Meltdown and Spectre CPU vulnerabilities: One week later

Microsoft, Google and Apple have all released patches for Intel, AMD and ARM CPU security risks, but now what?

Comments

  • ciderrules

    Ernie from Sesame Street…

    “One of these things is not like the others, two of these things are kinda the same.”

  • TechRanger

    You may want to check but I believe these vulnerabilities were discovered over 6 months ago just not released to general public until recently – Google’s Project Zero were the first to report it to Intel in May-June. There is an article on Wired that elaborates on the timeline.

    • Captain H. Morgan

      Did Intel do anything about this vulnerabilities given that it was discovered over 6 months ago?
      My understanding it they didn’t release any patches until late December 2017/

    • Ulfredsson The Vanquisher

      The fact that they are releasing patches means they have been working on it. I’m not trying to defend the company, but come on… you don’t create a security patch like this in a few weeks. They wouldn’t release the info about it until they were ready because the second word gets out about a security risk as massive as this, every ne’er do gooder would go buck wild trying to discover it.

      S**t takes time to create and not break functionality. This issue runs veeeerrrrrrrrrry deep.

    • rick

      I think the point was – Intel has “known” about it for far longer. They appear to have done nothing until their hand was forced and the vulnerability is leaked.

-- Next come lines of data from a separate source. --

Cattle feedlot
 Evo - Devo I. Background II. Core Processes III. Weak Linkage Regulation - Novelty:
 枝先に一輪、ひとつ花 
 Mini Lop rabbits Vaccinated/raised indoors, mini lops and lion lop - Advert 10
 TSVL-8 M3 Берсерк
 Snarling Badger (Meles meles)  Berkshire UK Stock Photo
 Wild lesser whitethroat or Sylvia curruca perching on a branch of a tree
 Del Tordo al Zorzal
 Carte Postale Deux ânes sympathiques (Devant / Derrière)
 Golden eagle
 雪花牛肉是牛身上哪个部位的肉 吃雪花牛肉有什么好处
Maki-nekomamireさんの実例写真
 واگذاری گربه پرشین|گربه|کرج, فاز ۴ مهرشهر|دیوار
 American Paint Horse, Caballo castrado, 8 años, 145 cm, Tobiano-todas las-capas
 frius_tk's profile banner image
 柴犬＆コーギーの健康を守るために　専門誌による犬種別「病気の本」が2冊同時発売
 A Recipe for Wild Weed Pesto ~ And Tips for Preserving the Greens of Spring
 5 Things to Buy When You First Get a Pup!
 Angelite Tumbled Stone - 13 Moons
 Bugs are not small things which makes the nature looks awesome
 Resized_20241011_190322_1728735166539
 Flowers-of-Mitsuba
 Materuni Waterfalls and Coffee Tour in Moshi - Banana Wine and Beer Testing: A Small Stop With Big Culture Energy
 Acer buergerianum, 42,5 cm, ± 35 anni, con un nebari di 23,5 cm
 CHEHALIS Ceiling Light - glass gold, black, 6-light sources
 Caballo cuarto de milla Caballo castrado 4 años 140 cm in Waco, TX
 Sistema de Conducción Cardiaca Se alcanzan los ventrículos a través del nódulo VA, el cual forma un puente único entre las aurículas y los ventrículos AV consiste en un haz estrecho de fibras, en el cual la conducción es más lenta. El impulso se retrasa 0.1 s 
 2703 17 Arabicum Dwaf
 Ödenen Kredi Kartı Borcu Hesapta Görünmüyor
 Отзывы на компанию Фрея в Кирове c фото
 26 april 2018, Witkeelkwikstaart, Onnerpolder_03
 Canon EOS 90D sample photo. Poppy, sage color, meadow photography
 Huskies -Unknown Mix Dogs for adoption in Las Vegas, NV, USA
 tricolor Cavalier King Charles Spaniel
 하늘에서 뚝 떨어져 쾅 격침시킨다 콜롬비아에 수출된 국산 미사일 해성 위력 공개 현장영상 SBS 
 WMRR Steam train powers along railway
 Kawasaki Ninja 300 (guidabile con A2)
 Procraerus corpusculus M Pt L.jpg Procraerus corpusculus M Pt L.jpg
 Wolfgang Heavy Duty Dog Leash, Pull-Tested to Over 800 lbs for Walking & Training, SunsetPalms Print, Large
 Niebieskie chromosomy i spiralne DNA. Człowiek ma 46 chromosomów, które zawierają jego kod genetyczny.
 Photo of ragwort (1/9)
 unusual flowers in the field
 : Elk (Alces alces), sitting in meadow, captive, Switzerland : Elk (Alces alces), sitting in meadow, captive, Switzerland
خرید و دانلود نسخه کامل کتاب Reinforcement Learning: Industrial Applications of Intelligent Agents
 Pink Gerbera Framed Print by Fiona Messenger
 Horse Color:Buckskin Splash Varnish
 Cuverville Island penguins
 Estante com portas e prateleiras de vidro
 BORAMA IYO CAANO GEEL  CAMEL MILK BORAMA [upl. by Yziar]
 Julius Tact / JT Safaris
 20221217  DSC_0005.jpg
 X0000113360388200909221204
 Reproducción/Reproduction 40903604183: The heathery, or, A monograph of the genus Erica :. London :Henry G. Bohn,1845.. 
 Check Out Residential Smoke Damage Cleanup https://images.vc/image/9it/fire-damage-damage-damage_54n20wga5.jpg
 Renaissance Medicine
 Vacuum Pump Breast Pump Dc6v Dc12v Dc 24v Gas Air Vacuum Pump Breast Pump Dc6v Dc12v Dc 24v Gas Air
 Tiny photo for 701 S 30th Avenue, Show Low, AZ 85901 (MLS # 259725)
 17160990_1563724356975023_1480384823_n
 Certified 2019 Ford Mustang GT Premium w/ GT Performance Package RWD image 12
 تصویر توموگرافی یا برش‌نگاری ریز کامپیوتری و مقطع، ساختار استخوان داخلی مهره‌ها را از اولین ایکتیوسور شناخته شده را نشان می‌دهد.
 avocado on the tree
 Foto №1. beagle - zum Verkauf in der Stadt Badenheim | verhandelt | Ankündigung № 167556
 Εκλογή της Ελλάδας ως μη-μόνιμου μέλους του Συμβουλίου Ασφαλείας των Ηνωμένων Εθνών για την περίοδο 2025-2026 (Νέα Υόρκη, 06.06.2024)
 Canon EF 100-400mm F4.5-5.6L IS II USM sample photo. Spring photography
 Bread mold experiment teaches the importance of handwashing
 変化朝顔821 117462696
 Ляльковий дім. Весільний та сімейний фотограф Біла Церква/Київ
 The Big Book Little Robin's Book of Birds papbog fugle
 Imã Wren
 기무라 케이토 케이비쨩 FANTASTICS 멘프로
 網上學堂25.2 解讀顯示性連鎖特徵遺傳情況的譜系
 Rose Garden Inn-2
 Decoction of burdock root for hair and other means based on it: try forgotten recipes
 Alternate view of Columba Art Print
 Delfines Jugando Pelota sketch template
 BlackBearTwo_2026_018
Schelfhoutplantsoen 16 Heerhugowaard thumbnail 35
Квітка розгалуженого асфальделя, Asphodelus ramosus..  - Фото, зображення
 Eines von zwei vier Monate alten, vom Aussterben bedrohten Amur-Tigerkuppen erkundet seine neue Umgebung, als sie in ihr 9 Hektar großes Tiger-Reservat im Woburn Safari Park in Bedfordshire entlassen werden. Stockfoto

      Intel could have been working with big players for the last 8 months to iron out the kinks on any needed patching. Further – to say Microsoft or other big players were “surprised” by this and have only had weeks to come up with patches is crazy as well. All the big players knew.

    • TechRanger

      I think the information was ‘leaked’ so although they have likely been working on it for some time, they were not necessarily ready to distribute patches quite yet. The (Wired) article goes on however to discuss how 4 different researchers discovered the bug in this same year despite the fact that apparently these vulnerabilities have been there lying dormant (as far as we know) for nearly twenty years! What is surprisingly remarkable is that all the major partners (e.g. Android, Apple, Linux, and Microsoft ) were able to keep it confidential for so long! No matter how you look at it though, it is still a major mess/issue and it will have significant impacts for some time to come! Hopefully, it will serve as a wake-up call that security needs to be meticulously analyzed and cannot be compromised in relation to performance!

      Technology is becoming so intertwined in our everyday lives that an epic collapse of security such as Meltdown/Spectre cannot be allowed to happen again… additional safeguards/layers of redundancy must be put in place!

    • rick

      “additional safeguards/layers of redundancy must be put in place!”

      consumers don’t want to pay for it…………or companies don’t want their profits impacted. Don’t disagree its needed – just saying it’s going to come at a cost. We throw technology away every 6 to 12 months as consumers – literally. The only other way around this would be a subscription model to ensure you’re device has a 3 year security/relevancy window. Again – people don’t want to pay for that.